In ridge regression objective, squared \(\ell_2\)-norm, \( \| w \|_2^2 \) is introduced as a regularizer. Instead, here we use the \(\ell_1\) regularizer: \[ \widehat{w}_{\text{lasso}} = \arg \min_w \sum_{i=1}^n (y_i - {x_i}^\top w)^2 + \lambda \|w\|_1. \] This formulation is known as the Least absolute shrinkage & selection operator (Lasso) regression.

The significance of Lasso is that it automatically performs feature selection. By penalizing the \(\ell_1\)-norm of the weight vector, Lasso often drives many \(w_j\) to exactly zero, effectively dropping those features from the model. Intuitively, this is because the \(\ell_1\) regularizer has “pointy” level sets, while the \(\ell_2\) regularizer shrinks all coefficients "smoothly" toward zero but never exactly to zero.
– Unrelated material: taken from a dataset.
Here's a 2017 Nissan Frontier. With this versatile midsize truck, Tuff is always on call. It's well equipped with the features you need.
In Lasso regression, after feature selection with the optimal \(\lambda\), we have to "retrain" the objective with \(\lambda = 0\) (i.e. solving ordinary least-squares) but only using selected features. For example, when we run Lasso, generate an index set: \[ S = \{j : \widehat{w}_{\text{lasso}, j} \neq 0\} \] and then solve \[ \tilde{w} = \arg \min_{w_S} \sum_{i=1}^n (y_i - x_{i, S}^\top w_S)^2 \] where \(x_{i, S}\) is the subvector of features in \(S\) and we set \(\tilde{w}_j = 0\) for \(j \notin S\).

Lasso vs Dimensionality Reduction:

Feature selection via Lasso sounds like dimentionality reduction (e.g. PCA) because both reduce the number of active predictors, but in fundamentally they are different.
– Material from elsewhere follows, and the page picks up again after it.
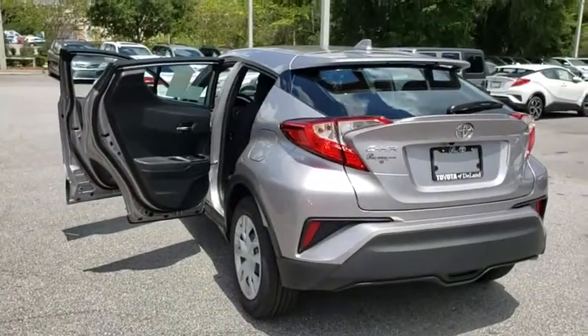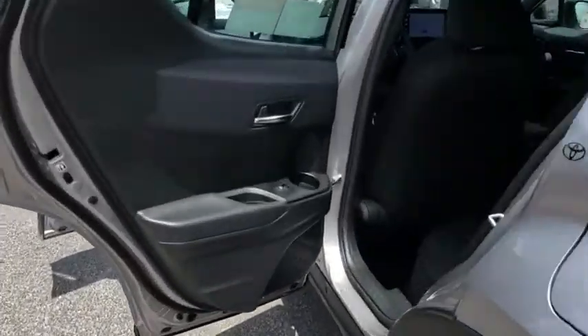A vehicle like this doesn't come along every day. Come in and get it before someone else does.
Let's assume that We have 100 variables originally and our model uses 10 variables in the end.

  • In Lasso: the model uses 10 out of 100 original variables
  •     If the true signal lies in a combination of many small effects, pure feature dropping can hurt performance.
  • In PCA: the model uses 10 new variables
  •     Captures directions of maximal variance even if no single original variable is strongly predictive and improves numerical stability when features are highly correlated, but we lose direct feature interpretability.

For instance, when there are more features than samples, Lasso can still fit a model by zeroing out most coefficients, whereas PCA & regression can overfit or require careful component-selection heuristics.

In practice you might even combine them - run PCA to a moderate number of components and then apply Lasso on those - if you need both compression and sparsity.